Besides Inverter, I can see decks like Sultai Delirium playing Grim Tutor. Having another toolbox enabler doesn’t hurt, especially now that Yorion is trending down in these decks. It will likely still be worse than Traverse the Ulvenwald, but being able to get Planeswalkers is a big deal, especially when you need to slam the door with a threat like Nissa, Who Shakes the World, or stabilize with Liliana, the Last Hope.


Blue decks are always happy to have more situational counterspells in their sideboards, and Miscast is poised to play an important role in Pioneer. Mystical Dispute is arguably the best sideboard card in the format, and Miscast hits plenty of spells that Dispute misses. Being able to tag burn spells and ramp spells is a big deal, and I would definitely consider this over something like Negate if I need to keep my curve low or react quickly. Drawing this late in the game will hurt sometimes, but not enough to hurt its playability.

Azusa, Lost but Seeking

Ramp and land-based decks get yet another super powerful tool, but Azusa is interesting for different reasons. The impact of this card won’t be seen immediately; it will certainly be much more of a slow burn as the format develops. The more lands that will inevitably enter the format, the more powerful she becomes — especially if those lands have powerful ETB effects. Azusa can only get better in Pioneer as time goes on, and while an Amulet of Vigor effect doesn’t exist (yet), she just needs the right payoff card to become a certified format all-star. 


This card is my pick for the best new card for Pioneer.

Spirits has a bit of a hard time playing from behind. Nebelgast Herald was one of the few ways the deck could hold down the fort on the board, and it did a pretty solid job. Now, you have options 5-7, that synergize incredibly well with Herald. The small caveat of needing another spirit is important, but generally, if you’re behind on board with only a single spirit, not much would save you, anyway. One cool interaction is punishing a spell-before-attack sequence by flashing in a Spell Queller, eating a spell, then tapping down a creature. Rattlechains also does this job very well. Finding room for this card may be tough, but I firmly believe that you can shave a lord or two for this.
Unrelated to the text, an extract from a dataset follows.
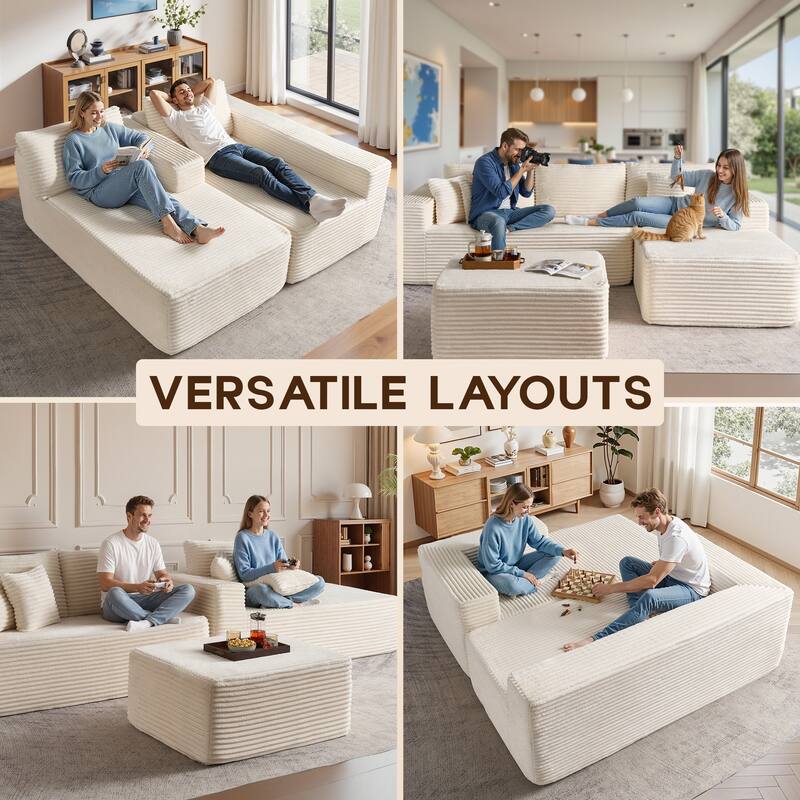 OVIOS All-Foam Cloud L-Shaped Lounger Sofa​ ​​With Ottoman​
These are just a few cards I’m excited for in M21. There could very well be more cards that will make a huge impact, but as always, time will tell. Which cards are you excited about? Am I totally off by not mentioning Eliminate? Did you forget that Scavenging Ooze was already in Pioneer like I did? The format has been moving so incredibly fast, keeping up is tough, but M21 will certainly be exciting for Pioneer deck-builders and players!